MTTB söz konusu olduğunda elbette akla ilk gelecekler Hizbullah kurucularıyla ve eski MHP militanlarıyla beraber bu Necip Fazılcı örgütün önde gelenleridir. AKP kurucuları olan Recep Tayyip Erdoğan, Abdullah Gül, İsmail Kahraman gibi MTTB’li isimlerdir. 70’lerin sonunda Necip Fazıl’ın MHP’ye katılmasıyla ve MC hükümetlerinin çabalarıyla Türkiye’yi kana bulayan bir Kürt-İslamcı saldırı döneminin oluşmasında tümünün etkisi olmuştu. Aslına bakarsanız MTTB’nin ve bu sadece solu değil, Atatürkçü öğretim üyeleri başta olmak üzere kendilerinden olmayan çok geniş bir yelpazeyi hedef alan terör döneminin ruhu da Necip Fazıl’dan başkası değildi.
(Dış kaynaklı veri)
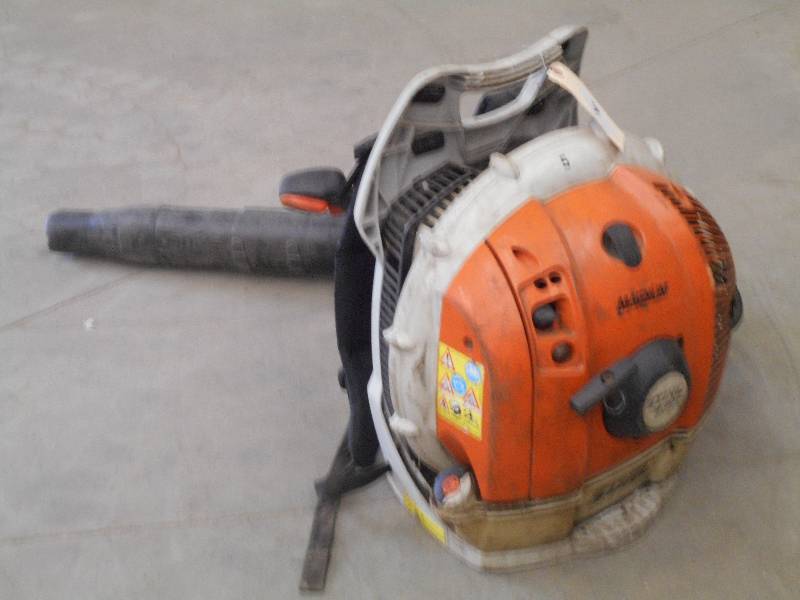lot 7 image: Stihl BR600 Magnum Commercial Backp...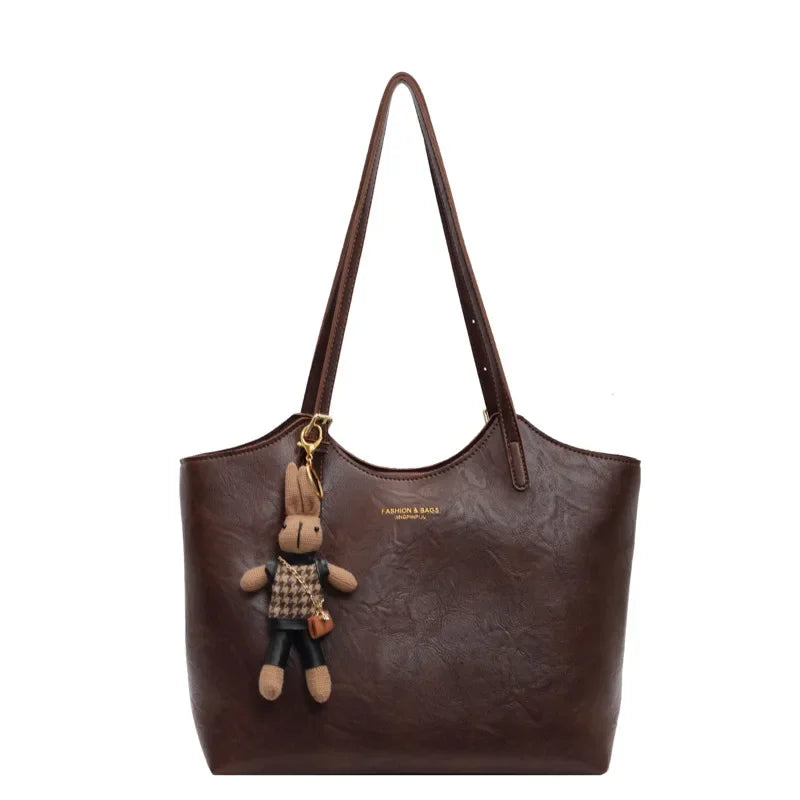 Damen Elegantes Schultertasche groß mit Anhänger – Ansicht 3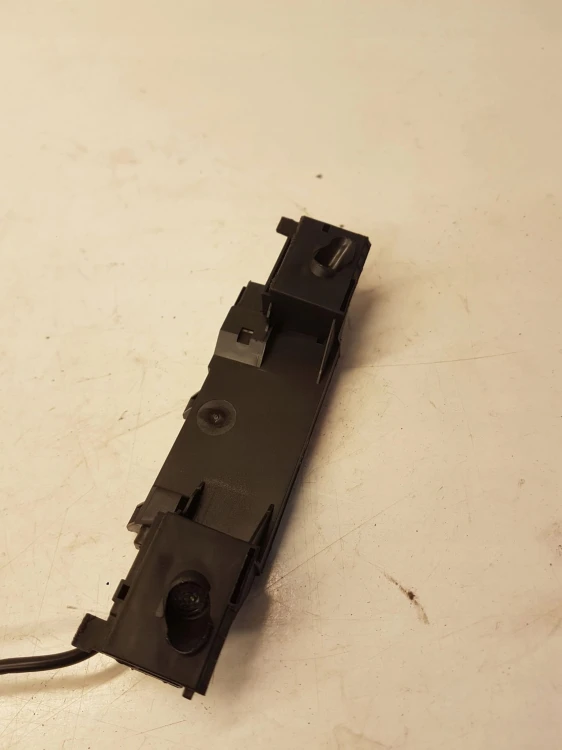 CZUJNIK RUCHU KABINY AUDI A6 C6 Q7 4F0951177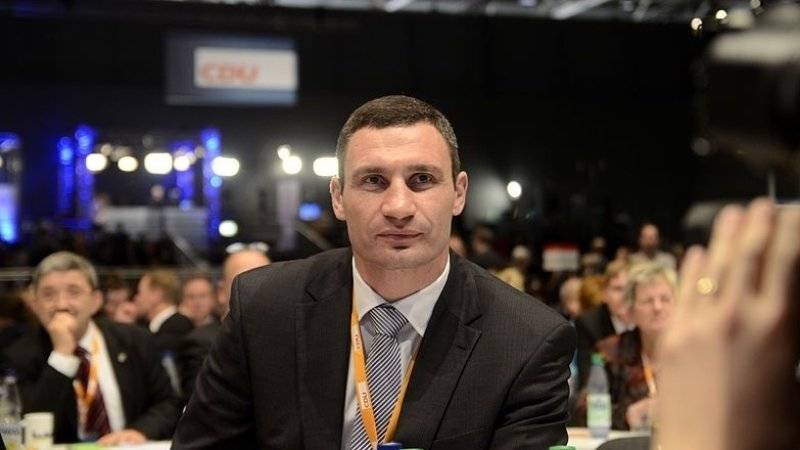 Украинский кабмин одобрил увольнение Кличко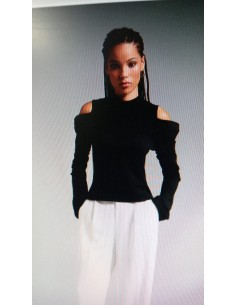 Jersey Negro Hombros...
Tayyip Erdoğan’ın ve onların hocası Necip Fazıl’ın tarikat soy kütüğü, müridi olduğu Abdülhakim Arvasi üzerinden Nakşibendî Şeyhi Taha Nehri’ye ulaşır. MHP’nin ideologu Ahmed Arvasi’nin kökü de hem aile, hem tarikat açısından aynı yerdedir. Taha Nehri’nin oğlu Şeyh Ubeydullah ise Osmanlı devrinin ilk Kürt isyancılarındandır. Onun oğlu Seyit Abdülkadir ise Kürt Teali Cemiyeti Başkanı ve hem Hüda-Par’ın hem de HDP’nin “baş tacı”, lideri, kahramanı olan Şeyh Sait’in ortağıdır. Şeyh Sait’in de, Taha Nehri’nin de tarikat silsileleri Kürt Nakşibendîliğinin kurucusu Şeyh Halid’de buluşur. (Konun ayrıntısını burada tekrarlamayacağım. İlgi duyanlar Türk Siyasetinde Kürt İslamcılar ve FETÖ’den Sonraki Pusudaki Cemaatler adlı kitaplarıma bakabilir.)
Bugün AKP’den MHP’ye, Hüda-Par/Hizbullah’tan HDP’ye kadar birçok grup ve örgütün kökeninde aynı Kürt-İslamcı soy ağacının bulunması elbette tesadüf değil. Çağdaş, laik, Türk ulusunun ve Cumhuriyet’in düşmanı olan tüm bu “farklı renklerden” örgütlerin kökenin aynı olması gayet normal ve doğaldır.
Bugün Hüda-Par olarak AKP-MHP ittifakına eklemlenen Hizbullah’a, MHP’nin karşı çıkmaması değil çıkması anormal olurdu. Sadece kurucularının eski MHP’liler olmasından değil, ortak ideolojik kökenleri dolayısıyla da bu böyledir.
Diğer taraftan MHP ile Hüda-Par/Hizbullah’ı birleştiren bir diğer ortak nokta daha var: Her ikisinin militanlarının da “derin devlet” denilen karanlık yapının muhtemelen aynı fraksiyonu tarafından operasyonel sokak güçleri olarak tasarlanmış, yetiştirilmiş ve kullanılmış olması. Sakın bu da bir duygudaşlık yaratıyor olmasın?